Like it or not, the season of holiday music has arrived. From radio stations to mall loudspeakers, we’re urged to deck the halls, gather around the Christmas tree, and roast chestnuts (no easy feat, considering that most American chestnuts were wiped out by the great chestnut blight of the early 1900s). While I rarely hear my favorite carol, “The Holly and the Ivy,” on the radio, its plant-based title provides a timely lesson in native vs. non-native species.
The carol undoubtedly refers to English holly, but it is with native American holly, or Ilex opaca, that most of us deck our halls. Much beloved during the holiday season for its glossy evergreen leaves and shiny red berrries, American holly is also appreciated by local wildlife. Deer and squirrel enjoy the fruit, as do at least eighteen species of birds, including cedar waxwing, wild turkey, bobwhite, and American goldfinch.
The ivy that so many of us are familiar with in our gardens, on our trees, and even climbing up our walls is English ivy, or Hedera helix. As its common name suggests, English ivy was brought to our country by European settlers and is not native to the Americas. English ivy is an invasive non-native species, rapidly overtaking trees, borders, and hedges if not kept in check. Although some native birds eat the berries, the fruit of Hedera helix is preferred primarily by European starlings and has little value to native North American animals.
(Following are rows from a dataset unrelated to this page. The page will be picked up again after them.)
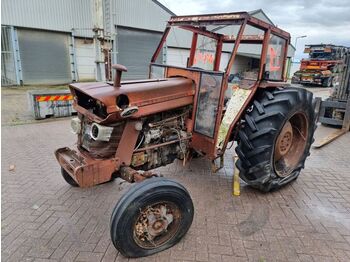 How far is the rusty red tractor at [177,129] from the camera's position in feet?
7.69

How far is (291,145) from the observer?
154 inches

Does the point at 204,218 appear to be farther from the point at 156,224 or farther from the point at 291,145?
the point at 291,145

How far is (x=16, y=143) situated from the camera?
525cm

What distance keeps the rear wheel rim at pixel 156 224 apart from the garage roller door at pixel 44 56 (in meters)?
13.3

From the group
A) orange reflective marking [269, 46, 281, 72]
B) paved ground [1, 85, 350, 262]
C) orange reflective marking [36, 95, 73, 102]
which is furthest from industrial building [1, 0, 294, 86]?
orange reflective marking [269, 46, 281, 72]

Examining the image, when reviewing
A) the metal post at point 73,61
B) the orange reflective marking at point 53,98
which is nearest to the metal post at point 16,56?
the metal post at point 73,61

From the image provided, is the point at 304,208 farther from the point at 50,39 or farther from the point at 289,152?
the point at 50,39

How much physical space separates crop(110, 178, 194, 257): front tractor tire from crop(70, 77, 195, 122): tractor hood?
0.80 meters

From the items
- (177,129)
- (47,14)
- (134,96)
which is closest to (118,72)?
(134,96)

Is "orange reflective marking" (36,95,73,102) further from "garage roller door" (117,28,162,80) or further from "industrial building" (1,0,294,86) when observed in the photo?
"garage roller door" (117,28,162,80)

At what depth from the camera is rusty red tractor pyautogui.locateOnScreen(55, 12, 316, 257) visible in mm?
2344

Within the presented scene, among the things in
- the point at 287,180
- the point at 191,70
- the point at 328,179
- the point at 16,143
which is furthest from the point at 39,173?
Answer: the point at 328,179

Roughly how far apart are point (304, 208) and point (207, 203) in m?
1.17

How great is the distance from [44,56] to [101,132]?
13.0 meters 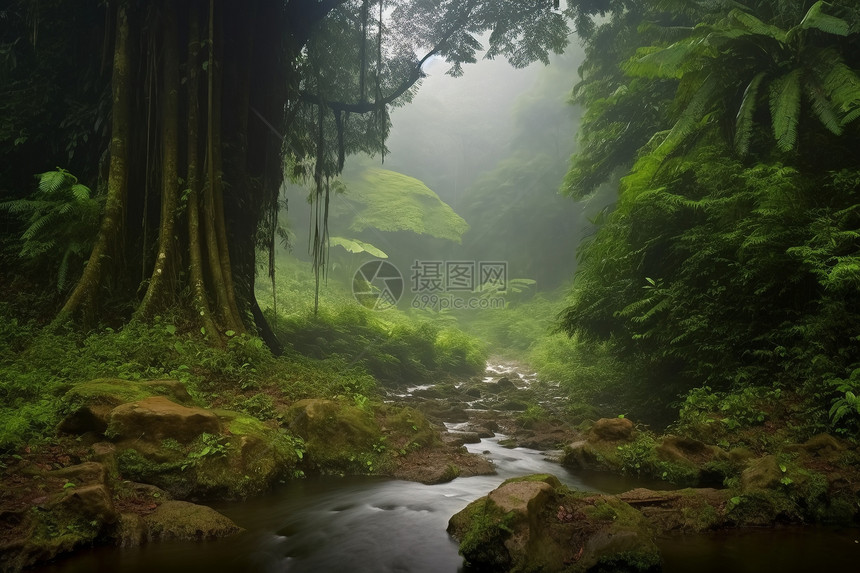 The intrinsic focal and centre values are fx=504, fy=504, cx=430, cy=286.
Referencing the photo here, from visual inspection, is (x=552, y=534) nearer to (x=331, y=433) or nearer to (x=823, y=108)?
(x=331, y=433)

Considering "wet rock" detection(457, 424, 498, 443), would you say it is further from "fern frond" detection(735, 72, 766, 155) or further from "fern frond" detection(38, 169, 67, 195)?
"fern frond" detection(38, 169, 67, 195)

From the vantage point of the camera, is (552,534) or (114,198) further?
(114,198)

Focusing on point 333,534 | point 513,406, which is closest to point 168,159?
point 333,534

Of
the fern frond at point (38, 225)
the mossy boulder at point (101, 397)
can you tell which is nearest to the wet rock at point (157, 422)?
the mossy boulder at point (101, 397)

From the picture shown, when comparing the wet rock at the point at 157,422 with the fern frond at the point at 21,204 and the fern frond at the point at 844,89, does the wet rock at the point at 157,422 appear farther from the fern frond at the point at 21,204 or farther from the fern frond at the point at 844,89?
the fern frond at the point at 844,89

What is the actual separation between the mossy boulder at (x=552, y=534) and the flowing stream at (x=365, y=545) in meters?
0.26

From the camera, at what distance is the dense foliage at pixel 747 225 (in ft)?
20.0

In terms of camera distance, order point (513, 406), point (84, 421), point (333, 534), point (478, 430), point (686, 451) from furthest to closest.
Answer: point (513, 406) → point (478, 430) → point (686, 451) → point (84, 421) → point (333, 534)

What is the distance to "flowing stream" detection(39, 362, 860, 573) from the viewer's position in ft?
11.5

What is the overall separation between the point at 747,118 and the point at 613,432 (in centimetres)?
494

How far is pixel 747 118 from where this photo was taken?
7348 mm

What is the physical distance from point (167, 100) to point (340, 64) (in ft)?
19.3

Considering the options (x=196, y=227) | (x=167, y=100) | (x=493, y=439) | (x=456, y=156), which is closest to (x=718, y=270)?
(x=493, y=439)

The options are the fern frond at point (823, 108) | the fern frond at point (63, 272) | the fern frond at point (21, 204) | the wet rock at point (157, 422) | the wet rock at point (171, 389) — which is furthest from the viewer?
the fern frond at point (21, 204) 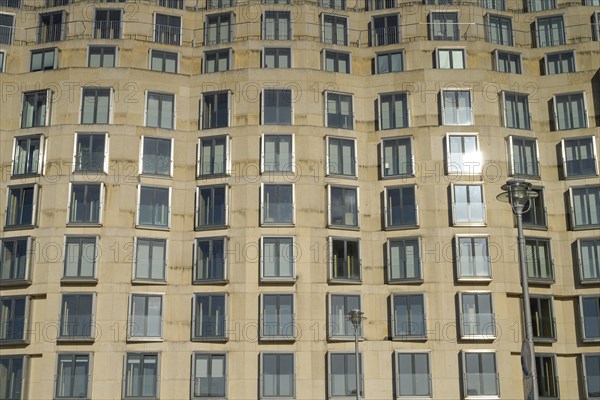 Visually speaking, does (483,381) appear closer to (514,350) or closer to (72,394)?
(514,350)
Holly and ivy aside, native animals are sure to enjoy the treats hung from the branches of the Arboretum’s wildlife tree, which will be on display at the Visitor’s Center from December 5 through the end of the month.
Catch a glimpse of the squirrels, jays, sparrows, and chickadees that feed from this tree when you attend the Arboretum’s Holiday Wreath Sale this Saturday, December 6.